The Virgin of the Rocks was commissioned (not long after Leonardo's move to Milan) by the Franciscan Confraternity in the Church of San Francesco Grande. Leonardo was assisted by two local artists, the Predis brothers, their task was to create an altarpiece for the recently completed chapel dedicated to the Immaculate Conception of the Virgin Mary. The Predis brothers completed two side panels while da Vinci painted the centre panel.
Shortly after the altarpiece was finished the artists became embroidered in a dispute about payment resulting in the artists threatening to sell the work to a rival bidder. It is likely that this dispute resulted in the making of the second version of the Virgin of the Rocks. This is the one now in the National Gallery in London, and in fact, it was the London Virgin that was placed in the chapel in San Francesco Grande. The original Paris version was quickly sold to an art lover soon after completion.

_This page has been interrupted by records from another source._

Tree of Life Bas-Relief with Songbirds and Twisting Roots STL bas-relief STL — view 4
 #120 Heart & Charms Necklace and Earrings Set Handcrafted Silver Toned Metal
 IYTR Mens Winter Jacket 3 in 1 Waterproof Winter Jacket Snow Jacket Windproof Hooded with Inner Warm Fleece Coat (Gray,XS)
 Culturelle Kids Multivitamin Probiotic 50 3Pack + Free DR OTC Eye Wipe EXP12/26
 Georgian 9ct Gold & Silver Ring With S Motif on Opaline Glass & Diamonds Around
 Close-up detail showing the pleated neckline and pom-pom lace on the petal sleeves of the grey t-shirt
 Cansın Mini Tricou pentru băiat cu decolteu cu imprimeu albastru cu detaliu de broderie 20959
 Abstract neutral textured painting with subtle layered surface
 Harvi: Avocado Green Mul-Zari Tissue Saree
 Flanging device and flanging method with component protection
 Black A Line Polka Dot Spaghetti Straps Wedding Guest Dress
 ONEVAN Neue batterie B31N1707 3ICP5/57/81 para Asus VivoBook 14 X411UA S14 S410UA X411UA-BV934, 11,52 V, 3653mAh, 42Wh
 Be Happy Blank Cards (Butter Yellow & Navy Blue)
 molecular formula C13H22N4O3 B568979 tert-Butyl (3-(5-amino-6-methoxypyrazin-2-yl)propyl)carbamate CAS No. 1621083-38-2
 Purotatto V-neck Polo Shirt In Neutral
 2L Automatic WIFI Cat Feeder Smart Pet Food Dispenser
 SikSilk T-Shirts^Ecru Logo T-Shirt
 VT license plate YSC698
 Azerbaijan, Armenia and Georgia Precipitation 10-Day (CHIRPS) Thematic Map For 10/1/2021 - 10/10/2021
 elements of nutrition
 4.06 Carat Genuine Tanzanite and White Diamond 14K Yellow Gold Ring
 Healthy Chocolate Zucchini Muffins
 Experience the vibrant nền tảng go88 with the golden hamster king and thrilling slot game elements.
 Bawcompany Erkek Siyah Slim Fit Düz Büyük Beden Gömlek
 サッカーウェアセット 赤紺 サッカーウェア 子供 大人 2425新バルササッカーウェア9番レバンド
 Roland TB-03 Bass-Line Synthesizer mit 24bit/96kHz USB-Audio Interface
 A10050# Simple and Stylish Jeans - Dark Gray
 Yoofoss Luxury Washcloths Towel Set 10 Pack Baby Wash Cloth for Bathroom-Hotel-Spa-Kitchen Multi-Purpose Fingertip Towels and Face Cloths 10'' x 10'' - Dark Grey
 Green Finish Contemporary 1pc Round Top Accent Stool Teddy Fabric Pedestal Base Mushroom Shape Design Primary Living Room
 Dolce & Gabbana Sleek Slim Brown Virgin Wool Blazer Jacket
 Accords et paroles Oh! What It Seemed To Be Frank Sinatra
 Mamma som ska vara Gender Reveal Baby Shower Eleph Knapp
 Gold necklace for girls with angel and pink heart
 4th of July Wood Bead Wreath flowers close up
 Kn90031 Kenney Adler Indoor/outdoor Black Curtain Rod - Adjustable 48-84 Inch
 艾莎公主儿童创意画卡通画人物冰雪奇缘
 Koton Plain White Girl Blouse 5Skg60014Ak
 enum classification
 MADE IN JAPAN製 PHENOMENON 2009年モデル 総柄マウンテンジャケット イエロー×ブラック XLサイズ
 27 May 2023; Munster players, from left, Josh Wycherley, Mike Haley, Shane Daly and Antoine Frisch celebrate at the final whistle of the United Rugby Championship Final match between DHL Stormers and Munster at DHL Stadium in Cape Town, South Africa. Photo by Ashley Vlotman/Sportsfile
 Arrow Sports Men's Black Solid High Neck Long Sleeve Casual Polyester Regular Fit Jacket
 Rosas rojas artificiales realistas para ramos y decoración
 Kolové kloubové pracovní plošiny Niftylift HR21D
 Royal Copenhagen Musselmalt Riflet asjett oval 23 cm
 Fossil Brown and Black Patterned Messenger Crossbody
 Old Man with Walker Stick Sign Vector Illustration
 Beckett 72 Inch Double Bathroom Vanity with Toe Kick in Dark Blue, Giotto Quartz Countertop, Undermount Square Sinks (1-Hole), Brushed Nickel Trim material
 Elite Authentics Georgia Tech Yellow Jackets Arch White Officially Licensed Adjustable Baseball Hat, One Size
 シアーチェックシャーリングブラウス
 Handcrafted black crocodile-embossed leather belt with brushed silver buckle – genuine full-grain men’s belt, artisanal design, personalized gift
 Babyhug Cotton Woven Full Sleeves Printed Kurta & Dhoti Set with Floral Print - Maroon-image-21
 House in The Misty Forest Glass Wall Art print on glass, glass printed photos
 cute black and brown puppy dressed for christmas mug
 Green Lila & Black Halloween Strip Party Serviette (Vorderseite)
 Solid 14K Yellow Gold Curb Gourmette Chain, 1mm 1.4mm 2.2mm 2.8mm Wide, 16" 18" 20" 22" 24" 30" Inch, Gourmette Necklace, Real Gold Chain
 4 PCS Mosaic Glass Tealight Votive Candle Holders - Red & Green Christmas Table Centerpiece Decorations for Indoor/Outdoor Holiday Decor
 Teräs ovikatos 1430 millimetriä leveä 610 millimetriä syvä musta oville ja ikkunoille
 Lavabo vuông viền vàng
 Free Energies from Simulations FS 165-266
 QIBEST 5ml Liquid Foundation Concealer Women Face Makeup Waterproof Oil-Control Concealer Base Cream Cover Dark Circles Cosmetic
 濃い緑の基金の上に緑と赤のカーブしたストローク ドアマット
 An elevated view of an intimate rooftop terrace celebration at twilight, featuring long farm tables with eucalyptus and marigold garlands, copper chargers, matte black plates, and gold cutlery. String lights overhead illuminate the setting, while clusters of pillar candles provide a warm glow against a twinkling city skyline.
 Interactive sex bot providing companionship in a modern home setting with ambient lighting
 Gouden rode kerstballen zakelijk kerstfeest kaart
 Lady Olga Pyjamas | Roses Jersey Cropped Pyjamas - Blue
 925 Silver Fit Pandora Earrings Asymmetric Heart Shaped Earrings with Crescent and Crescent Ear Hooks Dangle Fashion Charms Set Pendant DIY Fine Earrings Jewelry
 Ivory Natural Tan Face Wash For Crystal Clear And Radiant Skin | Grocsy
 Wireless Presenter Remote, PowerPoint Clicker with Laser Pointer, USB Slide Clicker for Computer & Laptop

The subject of the paintings is a legendary meeting between the infant Jesus and John the Baptist on the flight into Egypt. The Madonna is at the centre of the composition with Jesus seated with the angel Uriel his arm raised in blessing, John's hands are seen clasped in prayer.
I have seen both paintings and do not really have a favourite, although the London version is more tightly finished than the one in the Louvre, I like them both.
How's that for sitting on the fence? The brushwork and contrast between light and dark (chiaroscuro) is typical Leonardo and standing before these paintings you do feel the power and the presence of the renowned artist. It really is shiver up the spine time!